:: ASSIGNMENT ::
Your copy should hold only the lines from the one with "Trust Bank Limited Job Circular" to the one with "世界のサメコレクション【レア！】", both included, each exactly as it stands below, with no pictures.

:: PROVIDED MATERIAL ::
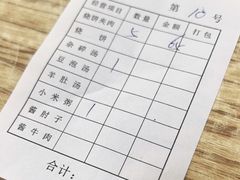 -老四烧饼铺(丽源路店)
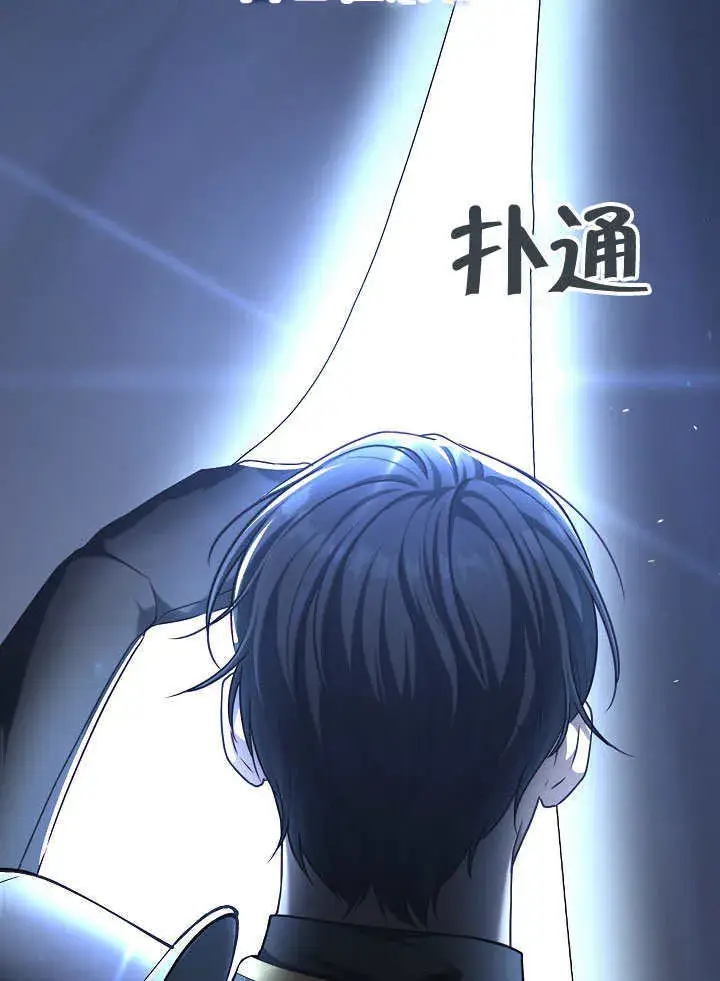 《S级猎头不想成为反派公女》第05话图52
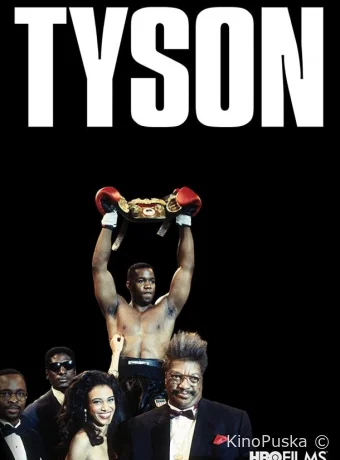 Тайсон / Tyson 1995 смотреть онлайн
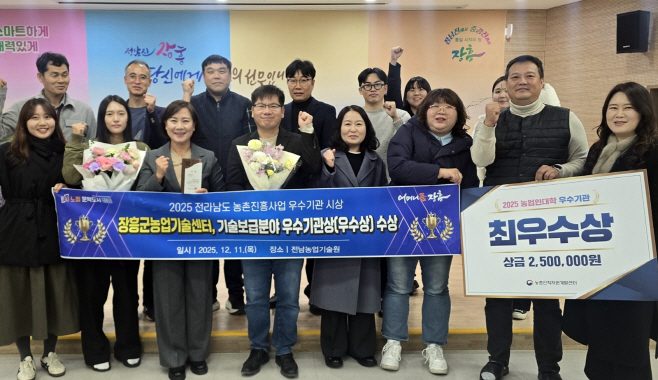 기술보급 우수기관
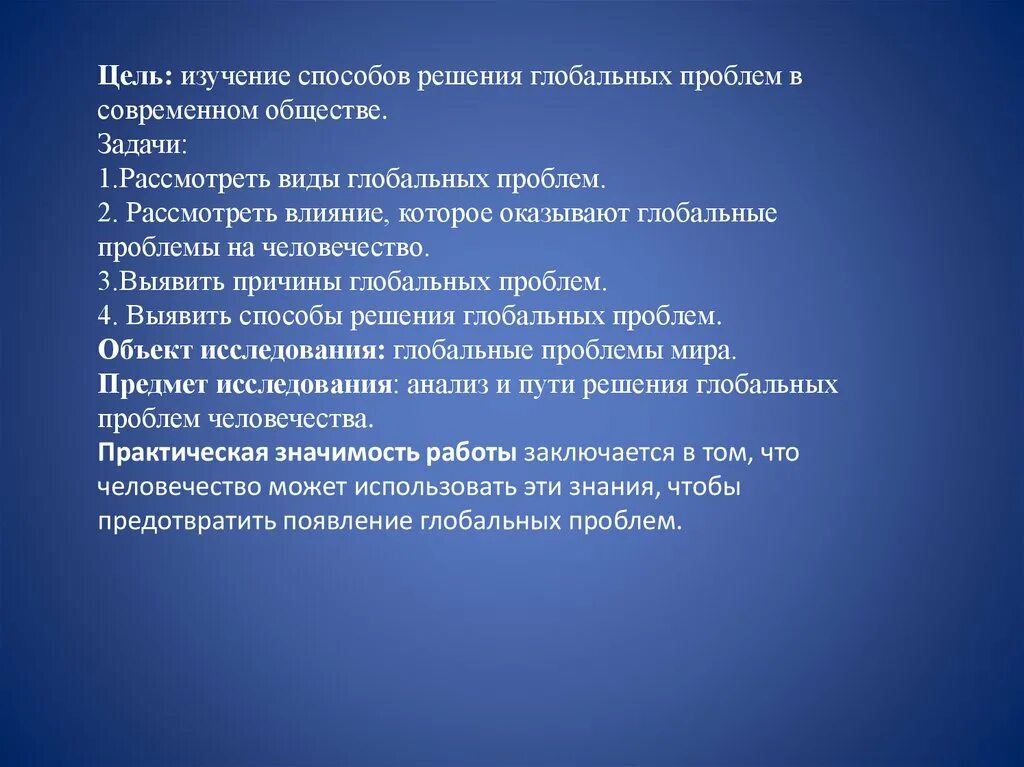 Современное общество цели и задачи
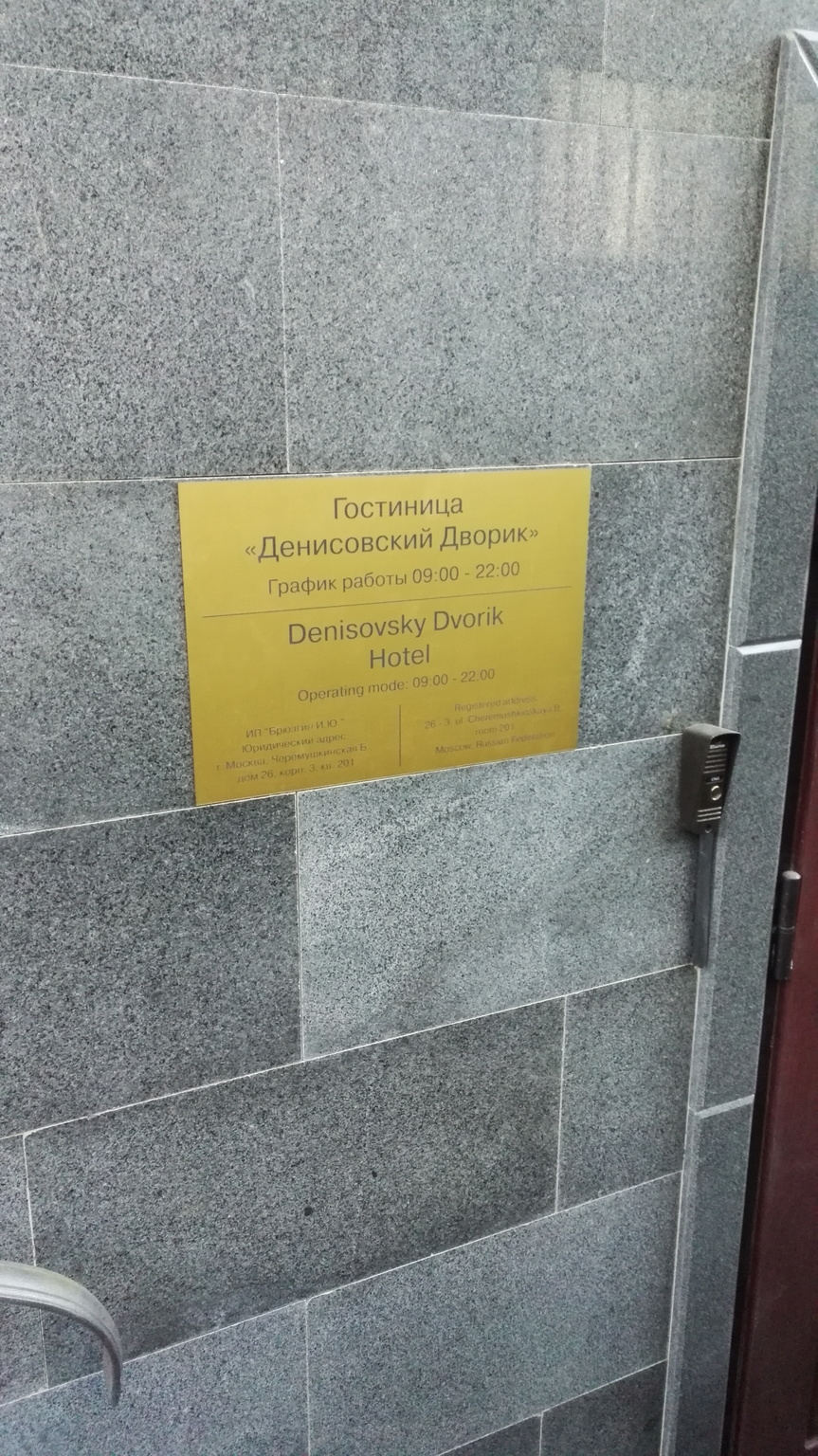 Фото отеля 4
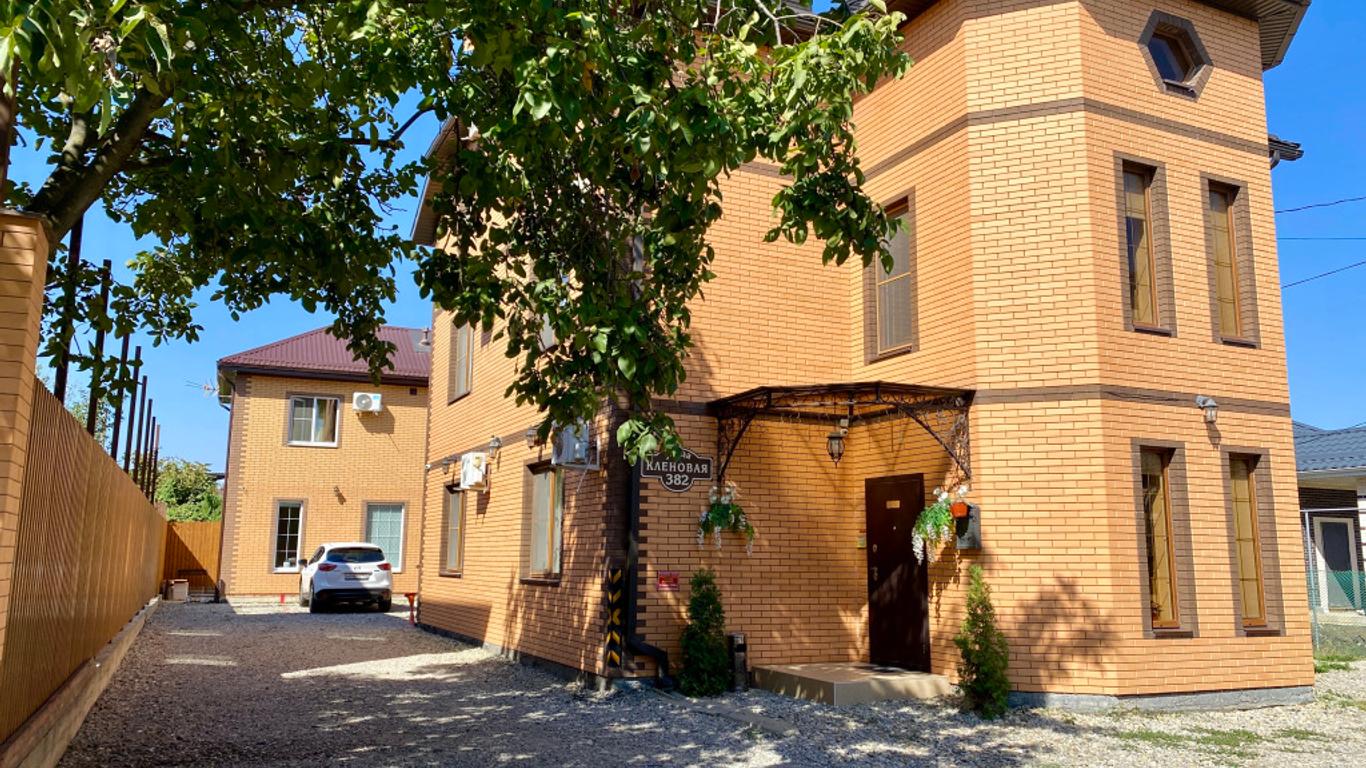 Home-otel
...
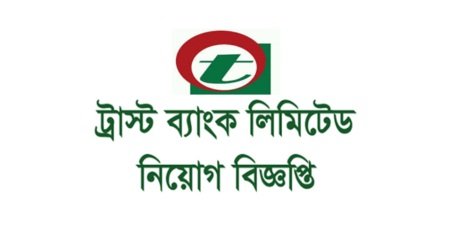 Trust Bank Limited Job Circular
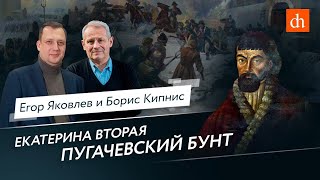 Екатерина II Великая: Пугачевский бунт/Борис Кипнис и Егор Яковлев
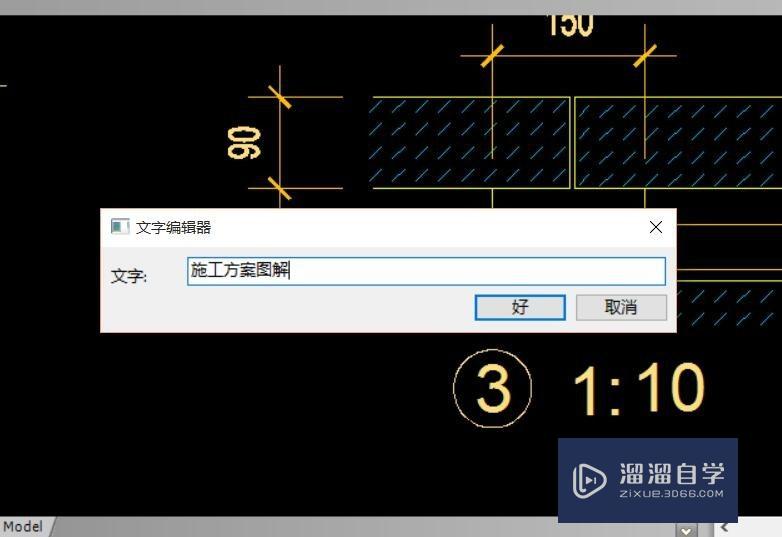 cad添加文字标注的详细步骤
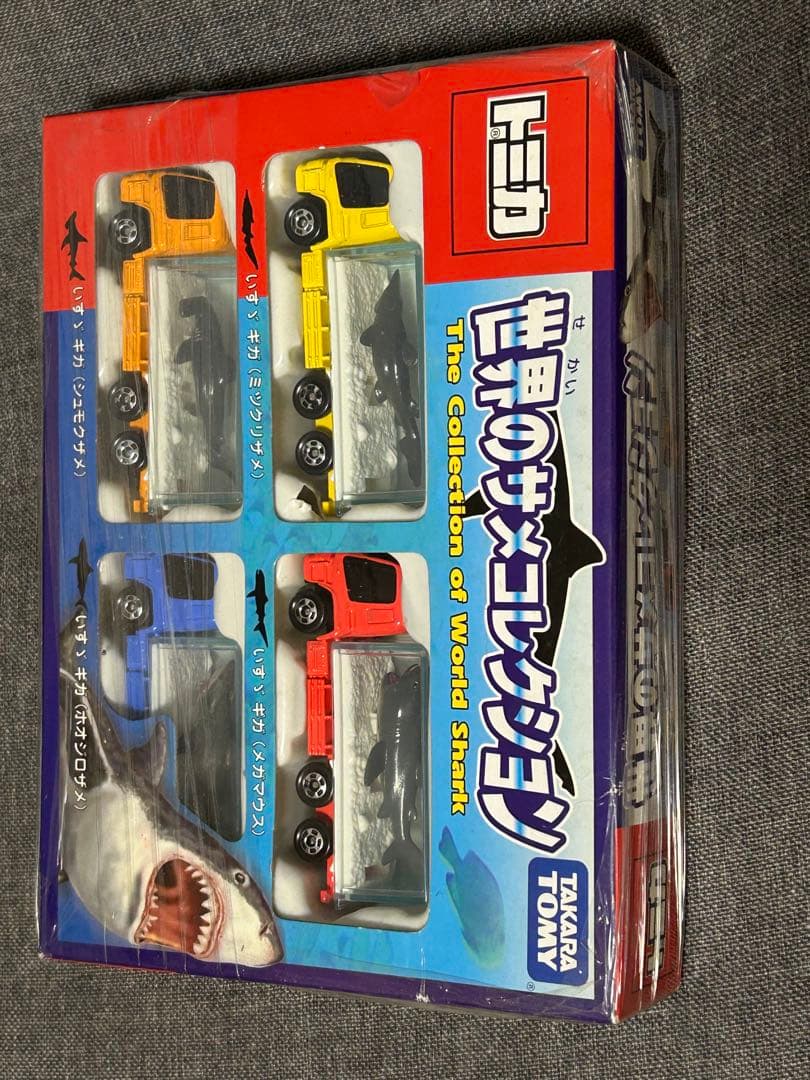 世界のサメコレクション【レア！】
...
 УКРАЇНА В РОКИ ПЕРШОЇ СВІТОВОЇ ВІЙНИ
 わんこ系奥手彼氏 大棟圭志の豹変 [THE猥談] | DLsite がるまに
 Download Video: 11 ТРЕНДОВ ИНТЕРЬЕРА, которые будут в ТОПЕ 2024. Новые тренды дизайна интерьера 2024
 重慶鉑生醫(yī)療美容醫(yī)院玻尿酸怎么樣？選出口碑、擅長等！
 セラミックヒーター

:: TASK OUTPUT ::
 Trust Bank Limited Job Circular
 Екатерина II Великая: Пугачевский бунт/Борис Кипнис и Егор Яковлев
 cad添加文字标注的详细步骤
 世界のサメコレクション【レア！】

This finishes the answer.